Aim of the task :: Without any of the pictures, set down the data below exactly.

Dataset content ::
»»
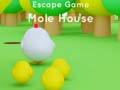 Гульня Escape game Mole House 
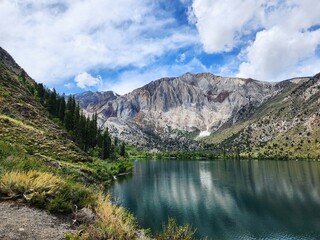 Convict Lake Trail, Inyo National Forest, California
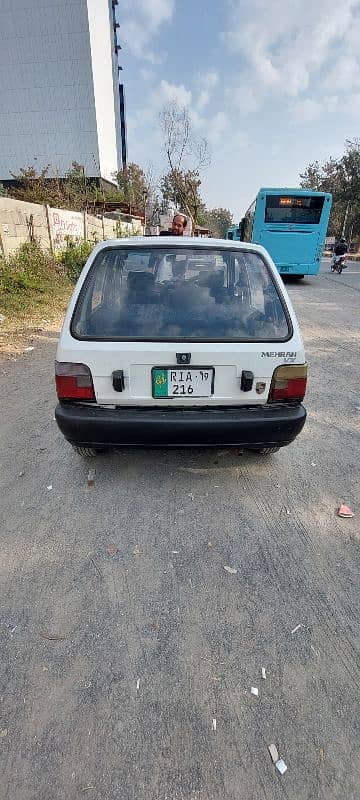 Suzuki Mehran VX 2017 5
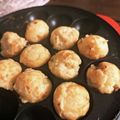 とあもぅ's cooksnap of when they made 強力粉でたこ焼き・レシピ♪.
««
Solution below ::
 Гульня Escape game Mole House 
 Convict Lake Trail, Inyo National Forest, California
 Suzuki Mehran VX 2017 5
 とあもぅ's cooksnap of when they made 強力粉でたこ焼き・レシピ♪.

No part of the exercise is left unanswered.